Records from a data collection
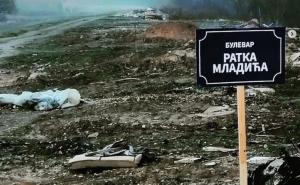 Postavili tablu s natpisom "Bulevar Ratka Mladića" na divlju deponiju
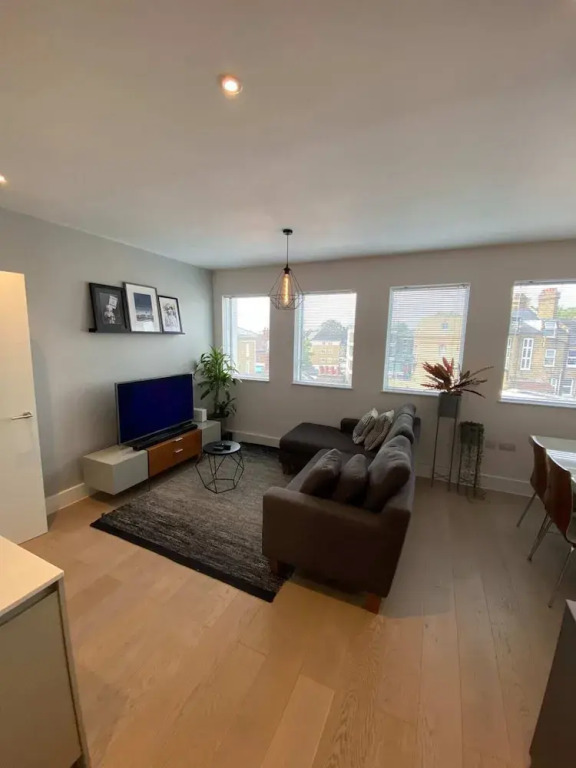 Tasteful 2BD Flat W/open Plan Living - Blackheath!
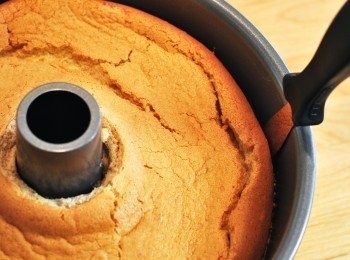 step11: 以小刀沿邊緣刮一圈脫模，底部及中空處也以小刀協助脫模，倒扣於蛋糕盤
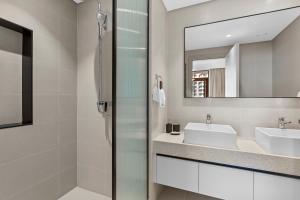 Luxurious Living in the heart of Emaar Beachfront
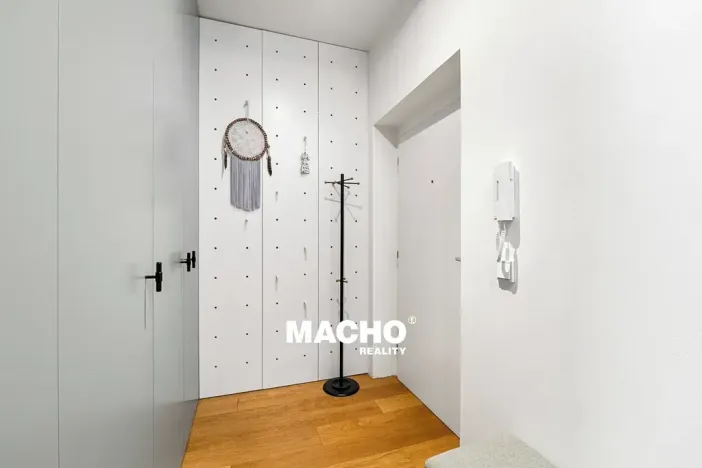 Pronájem bytu 2+kk, Řitka, Za Štěpnicí, 66 m2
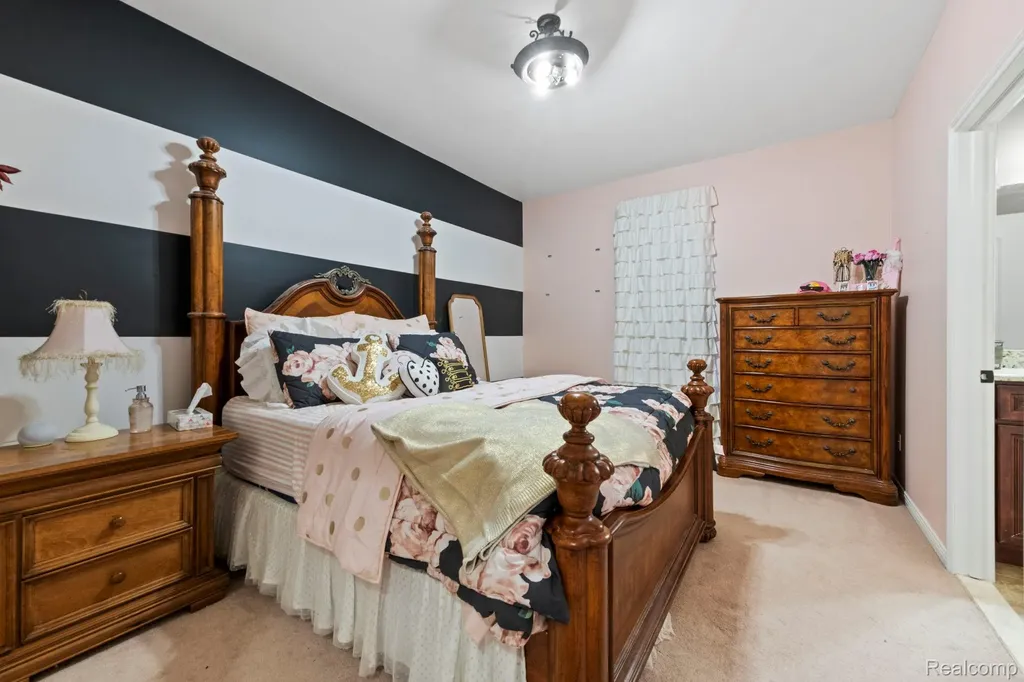 56555 Hartley Drive W Shelby Charter Township MI 48316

(Problem to work on):
Your answer must be an exact repeat of the records above, with the pictures left out.

(Written solution):
 Postavili tablu s natpisom "Bulevar Ratka Mladića" na divlju deponiju
 Tasteful 2BD Flat W/open Plan Living - Blackheath!
 step11: 以小刀沿邊緣刮一圈脫模，底部及中空處也以小刀協助脫模，倒扣於蛋糕盤
 Luxurious Living in the heart of Emaar Beachfront
 Pronájem bytu 2+kk, Řitka, Za Štěpnicí, 66 m2
 56555 Hartley Drive W Shelby Charter Township MI 48316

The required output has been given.